Эксперименты ничего не давали, но она, видимо, раз и навсегда решила исходить из того, что он ее понимает. Однажды мы разговаривали в коридорчике, и Зина внезапно метнулась к мужу:

– Ты слышишь меня? Это я! Я здесь! Влад, покажи, что ты слышишь!

Никаких признаков ответа не было. Возбужденная, вышла в коридор.

– Вы слышали, что Влад меня позвал?

– Честно говоря… – я почувствовал себя виноватым.

Пришло время уезжать Гере. Оставался один день. Рая уже сама пользовалась ложкой, ножом и вилкой в столовой, могла сползти с кровати ногами на пол, они с Герой очень продвинулись в этом, однако больше ничего не удалось. Рая не ходила и жить одна никак не могла. Разговоры о том, что Гера заберет ее в Канаду, давно прекратились. Оба поняли, что это невозможно. Гера часто бегал в конторку социальных работников, наверно, на всякий случай оформлял мать на постоянное пребывание в доме престарелых. Рая поскучнела, лежала часами в кровати и думала. В последний день Гера по мобильнику позвонил хозяину в Канаде и попросил продлить отпуск. Его английский был ужасен – для простой физической работы, наверно, годился, но не более того. Вернув аппаратик, Гера сказал:

– Дали два дня. Надо менять билет.

– Так чего ты расстроился?

– Сказали, если задержусь хоть на день, уволят.

В этот вечер приехала Марина. Заехала на минутку по пути – должна была забрать Гая с какого-то дня рождения. Гера и Рая тихонько переговаривались о своих делах. Марина тут же уловила суть и стала расспрашивать подробности. В тоне были прокурорские нотки, и Гера не заметил сам, как стал оправдываться.

– Вы бы лучше купили Рае мобильник, – сказала Марина. – Если она останется здесь, а похоже, она здесь останется, куда вы будете ей звонить? И как она вам позвонит, если захочет?
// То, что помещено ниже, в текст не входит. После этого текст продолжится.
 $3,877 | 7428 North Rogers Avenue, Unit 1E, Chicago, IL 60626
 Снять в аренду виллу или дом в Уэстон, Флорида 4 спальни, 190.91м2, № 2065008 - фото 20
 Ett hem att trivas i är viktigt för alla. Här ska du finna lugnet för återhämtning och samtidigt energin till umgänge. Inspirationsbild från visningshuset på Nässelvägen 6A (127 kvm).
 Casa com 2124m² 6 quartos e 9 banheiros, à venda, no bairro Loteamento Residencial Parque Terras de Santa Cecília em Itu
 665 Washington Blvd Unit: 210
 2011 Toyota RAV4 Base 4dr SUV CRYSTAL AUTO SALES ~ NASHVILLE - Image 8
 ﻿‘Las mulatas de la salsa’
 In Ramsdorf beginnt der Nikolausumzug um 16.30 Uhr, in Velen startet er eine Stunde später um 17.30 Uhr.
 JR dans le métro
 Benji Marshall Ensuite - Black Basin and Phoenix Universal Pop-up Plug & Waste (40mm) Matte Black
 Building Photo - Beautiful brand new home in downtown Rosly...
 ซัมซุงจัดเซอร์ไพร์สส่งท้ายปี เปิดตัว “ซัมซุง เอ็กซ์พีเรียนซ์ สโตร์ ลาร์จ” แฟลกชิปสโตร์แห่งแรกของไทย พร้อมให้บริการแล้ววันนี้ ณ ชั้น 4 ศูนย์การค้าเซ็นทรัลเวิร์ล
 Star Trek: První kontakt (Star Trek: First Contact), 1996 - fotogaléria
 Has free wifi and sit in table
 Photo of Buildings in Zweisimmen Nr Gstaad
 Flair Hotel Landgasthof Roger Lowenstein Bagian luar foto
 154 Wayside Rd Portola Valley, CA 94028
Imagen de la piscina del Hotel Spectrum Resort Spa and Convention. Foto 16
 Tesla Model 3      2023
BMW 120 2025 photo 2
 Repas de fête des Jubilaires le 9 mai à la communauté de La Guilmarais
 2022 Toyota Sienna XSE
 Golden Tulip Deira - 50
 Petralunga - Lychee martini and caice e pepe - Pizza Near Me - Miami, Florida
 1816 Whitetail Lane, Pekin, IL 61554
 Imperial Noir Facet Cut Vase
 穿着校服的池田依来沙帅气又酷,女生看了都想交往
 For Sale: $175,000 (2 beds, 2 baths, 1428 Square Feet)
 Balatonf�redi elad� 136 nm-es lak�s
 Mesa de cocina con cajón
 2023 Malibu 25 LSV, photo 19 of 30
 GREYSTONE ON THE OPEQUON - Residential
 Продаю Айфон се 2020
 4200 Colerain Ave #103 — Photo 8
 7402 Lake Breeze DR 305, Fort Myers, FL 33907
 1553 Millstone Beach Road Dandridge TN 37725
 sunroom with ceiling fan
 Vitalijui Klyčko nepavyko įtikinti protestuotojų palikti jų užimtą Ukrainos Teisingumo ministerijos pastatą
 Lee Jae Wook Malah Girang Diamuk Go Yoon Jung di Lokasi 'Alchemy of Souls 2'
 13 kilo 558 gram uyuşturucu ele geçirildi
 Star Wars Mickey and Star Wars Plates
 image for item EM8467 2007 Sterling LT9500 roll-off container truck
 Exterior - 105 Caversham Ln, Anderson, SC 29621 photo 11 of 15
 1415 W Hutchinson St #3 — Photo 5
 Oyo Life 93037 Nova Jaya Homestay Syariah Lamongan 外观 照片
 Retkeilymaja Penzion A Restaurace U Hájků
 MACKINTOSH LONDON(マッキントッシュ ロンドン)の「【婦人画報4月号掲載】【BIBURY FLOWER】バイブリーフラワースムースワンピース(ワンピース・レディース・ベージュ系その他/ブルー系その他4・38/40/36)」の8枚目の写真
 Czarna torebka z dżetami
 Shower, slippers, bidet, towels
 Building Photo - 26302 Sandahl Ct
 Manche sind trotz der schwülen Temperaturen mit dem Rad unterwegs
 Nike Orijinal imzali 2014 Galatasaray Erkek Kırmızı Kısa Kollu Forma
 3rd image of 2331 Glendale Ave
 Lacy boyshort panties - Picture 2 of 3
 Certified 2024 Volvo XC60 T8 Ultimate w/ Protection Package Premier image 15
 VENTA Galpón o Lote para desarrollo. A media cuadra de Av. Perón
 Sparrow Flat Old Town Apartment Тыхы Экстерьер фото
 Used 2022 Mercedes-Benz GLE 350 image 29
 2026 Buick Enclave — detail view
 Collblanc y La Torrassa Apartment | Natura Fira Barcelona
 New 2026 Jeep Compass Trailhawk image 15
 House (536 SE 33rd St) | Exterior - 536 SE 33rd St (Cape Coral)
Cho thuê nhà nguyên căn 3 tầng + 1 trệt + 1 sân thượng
Как вы с ней будете связываться? Вы потеряете с ней связь.

Гера закивал. В расстройстве забыл, что обо всем уже договорился с Раиной приятельницей, которой будет звонить из Канады.

– Вы должны завтра же поехать в «Оранж», купить аппарат и открыть для мамы линию.

Голос Марины был упрекающий. Упрек адресовался мне: ее раздражало, что я целыми днями торчу у Дули вместо того, чтобы заниматься чем-нибудь полезным. И вот не мог подсказать недотепе самые элементарные вещи, опять ей приходится всем заниматься. Свое недовольство мной она выместила на Гере – ей неприятна была вся наша никчемная компания. Четко и логично стала оценивать все, сделанное Герой за это время, пункт за пунктом. Получалось, что Гера делал одни глупости и не делал того, что необходимо. Рая помалкивала. Она и Гера упали духом. Могли бы сказать, что все это время надеялись, что Рая станет самостоятельной. Не просто надеялись, а упорно добивались этого. Им не хватило времени, а теперь Марина убедила их, что они его упустили.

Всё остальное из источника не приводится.